**TASK INSTRUCTIONS**
Word for word, return the lines from the top of the listing to the line containing "Chevrolet Prisma Sed.", both ends included, and no others.

**INPUT FOR THIS TASK**
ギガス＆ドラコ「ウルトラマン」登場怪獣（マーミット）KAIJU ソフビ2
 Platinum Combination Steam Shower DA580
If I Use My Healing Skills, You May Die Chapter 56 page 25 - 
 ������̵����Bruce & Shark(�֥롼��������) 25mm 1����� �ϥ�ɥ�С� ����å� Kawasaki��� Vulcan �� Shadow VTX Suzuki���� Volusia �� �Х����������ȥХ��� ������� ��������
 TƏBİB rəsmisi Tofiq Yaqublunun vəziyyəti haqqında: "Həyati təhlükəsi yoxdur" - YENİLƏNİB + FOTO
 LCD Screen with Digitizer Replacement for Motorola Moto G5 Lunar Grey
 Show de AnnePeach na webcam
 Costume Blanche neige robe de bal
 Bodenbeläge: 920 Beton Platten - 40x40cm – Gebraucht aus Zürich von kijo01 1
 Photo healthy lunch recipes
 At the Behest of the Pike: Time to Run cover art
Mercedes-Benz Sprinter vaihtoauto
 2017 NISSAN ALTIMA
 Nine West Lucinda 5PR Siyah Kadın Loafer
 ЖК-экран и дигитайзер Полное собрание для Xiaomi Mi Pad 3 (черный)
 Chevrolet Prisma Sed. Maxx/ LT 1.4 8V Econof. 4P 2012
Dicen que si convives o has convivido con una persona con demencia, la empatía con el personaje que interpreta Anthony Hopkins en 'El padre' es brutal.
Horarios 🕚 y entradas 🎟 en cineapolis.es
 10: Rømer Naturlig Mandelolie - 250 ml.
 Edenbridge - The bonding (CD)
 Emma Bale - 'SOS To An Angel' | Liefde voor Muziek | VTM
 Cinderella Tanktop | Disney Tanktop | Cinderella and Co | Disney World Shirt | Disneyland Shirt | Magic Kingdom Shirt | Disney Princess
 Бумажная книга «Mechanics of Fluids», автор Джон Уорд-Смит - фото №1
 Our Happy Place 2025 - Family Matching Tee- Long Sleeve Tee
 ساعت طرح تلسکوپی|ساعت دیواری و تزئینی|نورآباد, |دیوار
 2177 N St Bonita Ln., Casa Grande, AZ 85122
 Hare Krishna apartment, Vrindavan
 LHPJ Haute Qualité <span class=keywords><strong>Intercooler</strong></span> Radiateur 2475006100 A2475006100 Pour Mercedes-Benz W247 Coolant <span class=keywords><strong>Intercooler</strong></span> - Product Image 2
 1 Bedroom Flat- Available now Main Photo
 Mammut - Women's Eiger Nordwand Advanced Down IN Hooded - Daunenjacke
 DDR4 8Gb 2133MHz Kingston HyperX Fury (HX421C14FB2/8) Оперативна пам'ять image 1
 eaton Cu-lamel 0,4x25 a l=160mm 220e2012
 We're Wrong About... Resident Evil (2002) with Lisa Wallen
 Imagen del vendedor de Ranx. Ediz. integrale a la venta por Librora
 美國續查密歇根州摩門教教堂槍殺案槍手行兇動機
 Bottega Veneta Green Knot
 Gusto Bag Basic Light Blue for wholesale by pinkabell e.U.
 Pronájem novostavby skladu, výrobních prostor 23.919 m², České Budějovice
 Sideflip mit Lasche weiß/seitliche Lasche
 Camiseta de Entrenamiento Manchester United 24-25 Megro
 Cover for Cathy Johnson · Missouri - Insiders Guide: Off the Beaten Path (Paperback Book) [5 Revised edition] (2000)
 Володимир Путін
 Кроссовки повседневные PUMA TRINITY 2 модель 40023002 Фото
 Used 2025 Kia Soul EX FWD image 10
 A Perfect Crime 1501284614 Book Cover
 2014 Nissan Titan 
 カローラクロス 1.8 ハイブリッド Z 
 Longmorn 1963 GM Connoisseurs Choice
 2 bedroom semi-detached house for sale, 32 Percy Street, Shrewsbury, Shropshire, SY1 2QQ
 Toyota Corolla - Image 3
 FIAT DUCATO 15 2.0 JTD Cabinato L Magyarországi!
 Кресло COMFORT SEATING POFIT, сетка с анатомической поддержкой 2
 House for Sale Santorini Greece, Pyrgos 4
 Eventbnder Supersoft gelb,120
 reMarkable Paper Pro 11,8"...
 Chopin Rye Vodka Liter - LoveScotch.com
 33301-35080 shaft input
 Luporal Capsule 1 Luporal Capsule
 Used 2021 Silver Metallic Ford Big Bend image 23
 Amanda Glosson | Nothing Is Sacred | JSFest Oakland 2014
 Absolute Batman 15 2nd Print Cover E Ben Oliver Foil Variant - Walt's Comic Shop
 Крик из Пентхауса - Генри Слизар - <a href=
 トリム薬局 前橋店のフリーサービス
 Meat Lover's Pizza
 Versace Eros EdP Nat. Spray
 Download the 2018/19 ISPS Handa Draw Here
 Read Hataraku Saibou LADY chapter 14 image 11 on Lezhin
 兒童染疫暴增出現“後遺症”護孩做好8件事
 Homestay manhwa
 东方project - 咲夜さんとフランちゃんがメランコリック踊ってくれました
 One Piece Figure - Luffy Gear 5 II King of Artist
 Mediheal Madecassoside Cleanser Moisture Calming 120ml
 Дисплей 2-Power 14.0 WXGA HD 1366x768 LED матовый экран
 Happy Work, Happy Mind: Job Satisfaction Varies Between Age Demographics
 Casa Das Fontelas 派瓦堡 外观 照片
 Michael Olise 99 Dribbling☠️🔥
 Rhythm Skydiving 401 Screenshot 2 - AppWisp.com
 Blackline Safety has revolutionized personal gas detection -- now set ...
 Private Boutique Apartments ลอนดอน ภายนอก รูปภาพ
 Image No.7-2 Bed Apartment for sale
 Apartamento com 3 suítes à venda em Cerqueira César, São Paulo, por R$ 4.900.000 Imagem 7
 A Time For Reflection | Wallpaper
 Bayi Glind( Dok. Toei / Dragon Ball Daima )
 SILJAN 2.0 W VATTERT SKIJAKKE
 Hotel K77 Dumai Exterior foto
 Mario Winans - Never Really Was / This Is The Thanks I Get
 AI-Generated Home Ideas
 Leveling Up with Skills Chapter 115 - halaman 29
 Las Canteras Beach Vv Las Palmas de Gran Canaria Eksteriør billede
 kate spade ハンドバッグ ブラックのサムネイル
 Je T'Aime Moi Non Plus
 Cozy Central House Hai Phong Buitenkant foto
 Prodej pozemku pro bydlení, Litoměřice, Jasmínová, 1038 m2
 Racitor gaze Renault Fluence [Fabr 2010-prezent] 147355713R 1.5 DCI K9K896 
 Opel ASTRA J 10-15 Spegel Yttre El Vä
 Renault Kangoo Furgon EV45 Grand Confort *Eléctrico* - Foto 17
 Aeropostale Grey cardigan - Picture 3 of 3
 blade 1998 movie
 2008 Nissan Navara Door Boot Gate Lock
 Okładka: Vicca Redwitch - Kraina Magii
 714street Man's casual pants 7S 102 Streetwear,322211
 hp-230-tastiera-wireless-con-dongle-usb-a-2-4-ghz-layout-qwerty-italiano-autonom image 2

**COMPLETED TASK**
ギガス＆ドラコ「ウルトラマン」登場怪獣（マーミット）KAIJU ソフビ2
 Platinum Combination Steam Shower DA580
If I Use My Healing Skills, You May Die Chapter 56 page 25 - 
 ������̵����Bruce & Shark(�֥롼��������) 25mm 1����� �ϥ�ɥ�С� ����å� Kawasaki��� Vulcan �� Shadow VTX Suzuki���� Volusia �� �Х����������ȥХ��� ������� ��������
 TƏBİB rəsmisi Tofiq Yaqublunun vəziyyəti haqqında: "Həyati təhlükəsi yoxdur" - YENİLƏNİB + FOTO
 LCD Screen with Digitizer Replacement for Motorola Moto G5 Lunar Grey
 Show de AnnePeach na webcam
 Costume Blanche neige robe de bal
 Bodenbeläge: 920 Beton Platten - 40x40cm – Gebraucht aus Zürich von kijo01 1
 Photo healthy lunch recipes
 At the Behest of the Pike: Time to Run cover art
Mercedes-Benz Sprinter vaihtoauto
 2017 NISSAN ALTIMA
 Nine West Lucinda 5PR Siyah Kadın Loafer
 ЖК-экран и дигитайзер Полное собрание для Xiaomi Mi Pad 3 (черный)
 Chevrolet Prisma Sed. Maxx/ LT 1.4 8V Econof. 4P 2012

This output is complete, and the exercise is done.